The company may also add a few coiled tubing units in 2019, which would be used in long link collateral completions. Increased sales of the large diameter coiled tubing units are expected to increase the company's market share in this business. Although there can be less demand for the ThruTubing units due to the spring break up in Canada, increased activity in the completions market in the U.S., as I discussed earlier in the article, will drive revenues.

Dividend And Repurchase

In April 2019, RES reduced the quarterly dividend by half to $0.05, or $0.20 annualized. Its forward dividend yield is 1.95%. The company's rationale behind slashing the dividend was to strengthen its capital structure and to maintain a conservative balance sheet. In February 2018, RES increased the number of shares authorized for repurchase by 10 million shares.

Net Debt Is Negative

RES' net debt was negative as of March 31 as a result of zero debt but positive cash & cash equivalents balance ($113 million) as of March 31. Being a debt-free company is one of the company's prominent features, because when energy price nose-dives, earnings dip, and servicing of debt become difficult. In that scenario, the company would be better equipped to survive compared to many of its OFS industry peers. Its peers National Oilwell Varco's (NOV) net debt stood at $1.3 billion as of March 31, while Precision Drilling Systems' (PDS) net debt was $1.6 billion as of March 31, 2019.

What Does The Relative Valuation Say?

RPC, Inc. is currently trading at an EV-to-adjusted EBITDA multiple of 6.7x. Based on sell-side analysts' EBITDA estimates, the forward EV/EBITDA multiple is 8.0x. The current EV/EBITDA multiple is lower than its past six-year average of 8.8x.

RES' forward EV-to-EBITDA multiple expansion versus the adjusted trailing 12-month EV/EBITDA is in stark contrast to the industry peers' average multiple compression, because the sell-side analysts expect its EBITDA to decline compared to a rise in peers' average in the next four quarters, which would typically result in a lower current EV/EBITDA multiple compared to the peers' average. The company's EV/EBITDA multiple is lower than its peers' (PUMP, NR, and LBRT) average of 6.3x.
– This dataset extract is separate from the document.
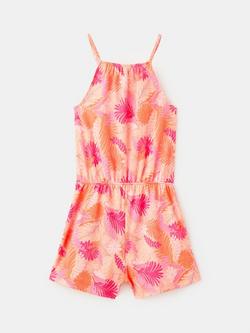 Mango Kids' Relaxed Printed Sleeveless Playsuit, Peach - view 2, Peach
I have used sell-side analysts' estimates provided by Thomson Reuters in this analysis.

Analyst Rating

According to data provided by Seeking Alpha, four sell-side analysts rated RES a "buy" in April (including strong buys), while 13 of them rated it a "hold". Seven sell-side analysts rated a "sell". The consensus target price is $10.9, which at the current price yields 5.3% returns.

What's The Take On RES?

While the crude oil price made a comeback in Q1 after a depressing final quarter in 2018, the rise in the DUC wells signals an anticipated increase in completions activity in 2019. However, the excess supply of the pressure pumping equipment and the upstream capex decline will continue to affect the hydraulic fracturing activity, which is likely to keep the pricing for pressure pumping services depressed in the near-term. The lack of visibility into upstream operators' capex is a significant obstacle to the company's outlook.
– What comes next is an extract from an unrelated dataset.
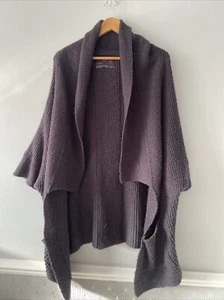 All Saints Womens Cardigan 10 Grey Knitted Acrylic Mohair Wool Blend Oversized - Picture 1 of 15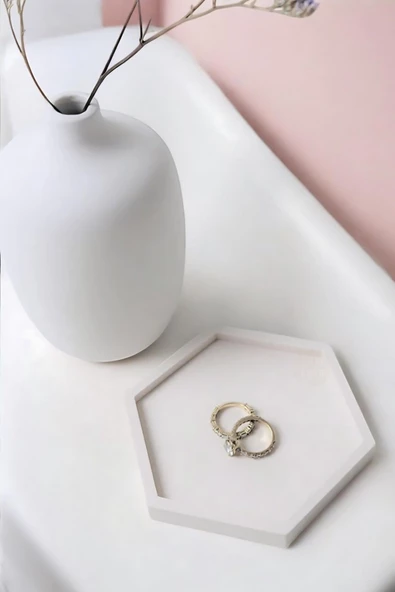 tambana Beyaz Sunumluk Takı Tabağı Dekoratif Tepsi Obje Ev Dekorasyon Model 11 ürün görseli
In this backdrop, RES has a challenging choice to make between sales volume growth and margin protection. The company may add a pressure pumping fleet and a few coiled tubing units in Q2. While the addition to the pressure pumping unit may not be accretive to the margin, the introduction of the large coiled tubing units may lead to market share gains for the company.
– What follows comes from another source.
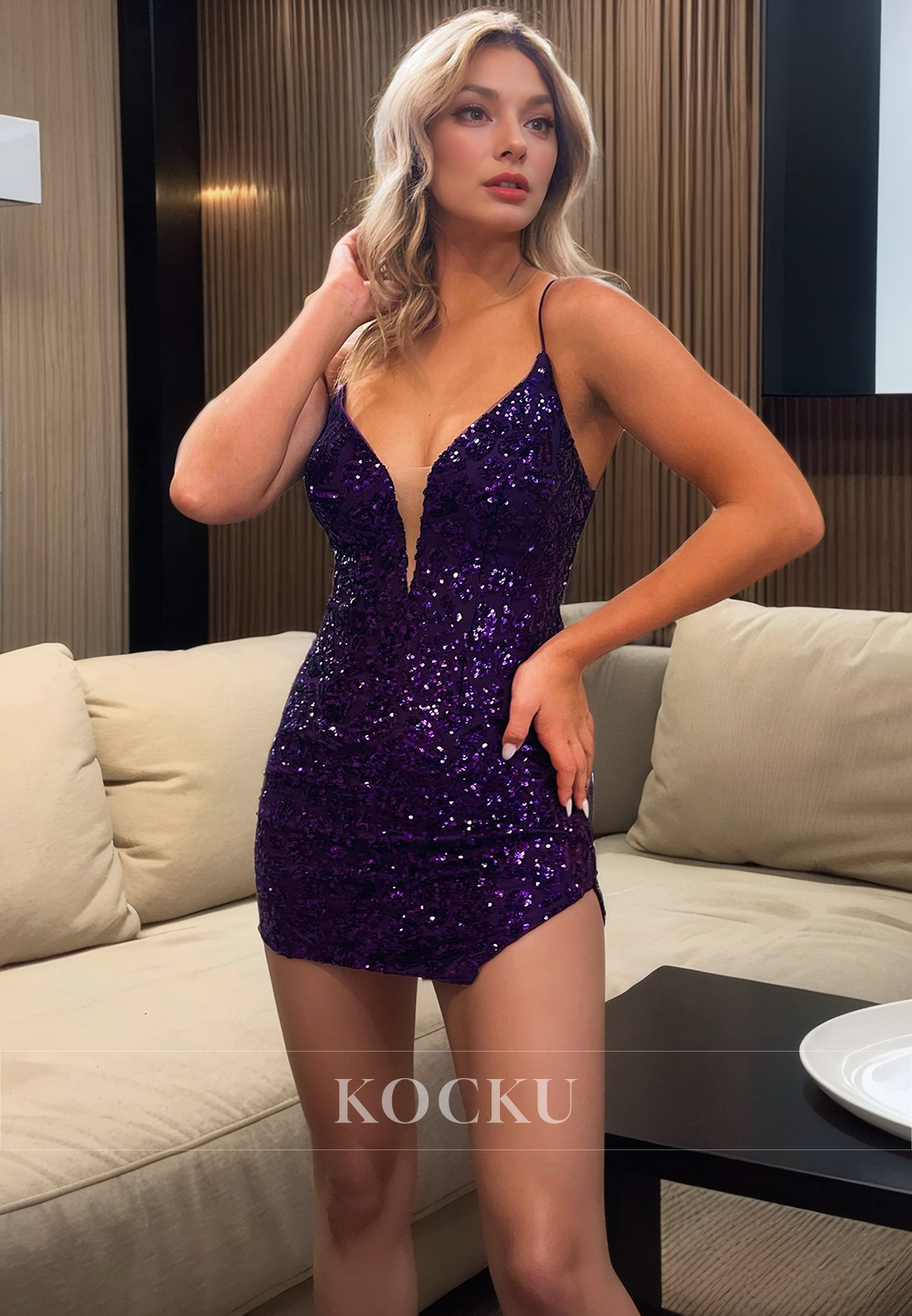 Sexy & Hot Criss-Cross Straps Sleeveless Sequined Party Homecoming Dress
I do not think RES will be able to turn around in the short-to-medium term. However, RES is a debt-free company. This feature can improve RES' relative valuation if the crude oil price weakens and the energy sector heads into another crisis.

Disclosure: I/we have no positions in any stocks mentioned, and no plans to initiate any positions within the next 72 hours. I wrote this article myself, and it expresses my own opinions. I am not receiving compensation for it (other than from Seeking Alpha). I have no business relationship with any company whose stock is mentioned in this article.